It would seem that we are alone in the wilderness of a mess that the construction sector and entire Cyprus real estate market finds itself in.
I have been writing for the last 40 years, about what is sometimes wrong in the building industry with the hope that some people (especially politicians) listen. Although I do not necessarily claim the infallibility of the Pope but express my views in the hope of creating some sort of discussion to improve things.
What is most annoying, is that the various associations of professionals, such as the architects, are not bothered, neither the association of developers nor even the so-called advisor to the state on technical matters (the technical chamber ETEK) who all keep silent and surface only if their members’ interests are affected.
I have put forward ideas on “corrective” measures to help the situation, commenting on just about everybody who does not care, including the political parties (the worst) and sent letters directly to the various Ministers in charge.
I give credit to government action and mainly to the two Deputy Ministers, as well as the Minister of Public Works and the Minister of Health, but I criticise all the others, to the extent that some Ministers should be sacked for not being up to the job.
Having in mind only the well-being of the building industry and real estate, I dare to express personal views based on practical knowledge on the subject with 40 years of front line experience on the matter.
I believe that we can offer our experience to the market, but it seems that petty politics and personal interests do not help, which is not always an attraction to those seeking votes.
So, allow me to remind you of the following matters that I have raised recently:
- The “scam” of working from home (and not in practice) and getting paid by the government much to the loss of business and our economy.
- The government decision to guarantee hoteliers for the reservation fees paid (which are in fact loans) is a most dangerous situation open for exploitation.
- The actions of municipalities being involved in all sorts of illegal practices, but yet the government has no “authority” to deal with them (such as the Paralimni Mafia regarding the very recent case of a kiosk which was turned into a grill bar, nobody did nothing about it).
- The reduction of rents which benefits just about everybody, even those who did not suffer a cent from the crisis (such as civil servants, bank employees, etc. and other businesses that are closed in any case during this period).
- The Natura classification which cost nothing to those suggesting it but has inflicted a disaster on property owners affected by the classification.
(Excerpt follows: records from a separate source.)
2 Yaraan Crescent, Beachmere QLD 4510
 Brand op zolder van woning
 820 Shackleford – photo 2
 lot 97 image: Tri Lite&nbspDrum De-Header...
Save some exceptions, this has now become a national sport covering 29% of the land area of free Cyprus.
- The lack of housing for rent and especially to students. My ideas on corrective measures were ignored, including the University of Cyprus that seems to live in its “own world” for their lack of student accommodation.
- The wrong proposal for affordable housing which I referred to a year ago and it failed.
- Various business scams ranging from the sale of bottled water and others, but the one which shocked us most, was the replacement of an electric key with the dealer asking for € 1,000 and we replaced it with €36 from a kiosk!
- The illogical suggestions to the Employers Federation on various matters.
- The help to mountain resorts which is nowhere to be found despite the declarations and the replacement of a local businessman as rural Commissioner with a teacher.
- The inexcusable delays by the Planning Authority which has disappointed foreign investors especially those interested in the mountain resorts.
- The passports issue for which I have suggested penalties of €500,000 per case to crooks (with a furious reaction from some developers, as well as negative comments from some legal firms).
Since our government in recent years has not had the majority in parliament, any Bill that is proposed becomes a compromise with each political party bidding who will be most liked by the voters (forgetting the interests of our country).
For those of us at a “mature” age, you may remember the TV series of Kojak (with Greek actor Telly Savalas), who used the phrase “who loves you baby?”
I would like to borrow his phrase and ask, “who loves Cyprus?”
Surely not the politicians and the numerous commissioners with all their hefty salaries and perks, preferring gifts, and watches from Arab countries.
My favourite slogan is from Winston Churchill who said that “Democracy is not the best system, but it is the best until we find something better”. Presumably, Mr Churchill did not have the Cyprus Republic in mind!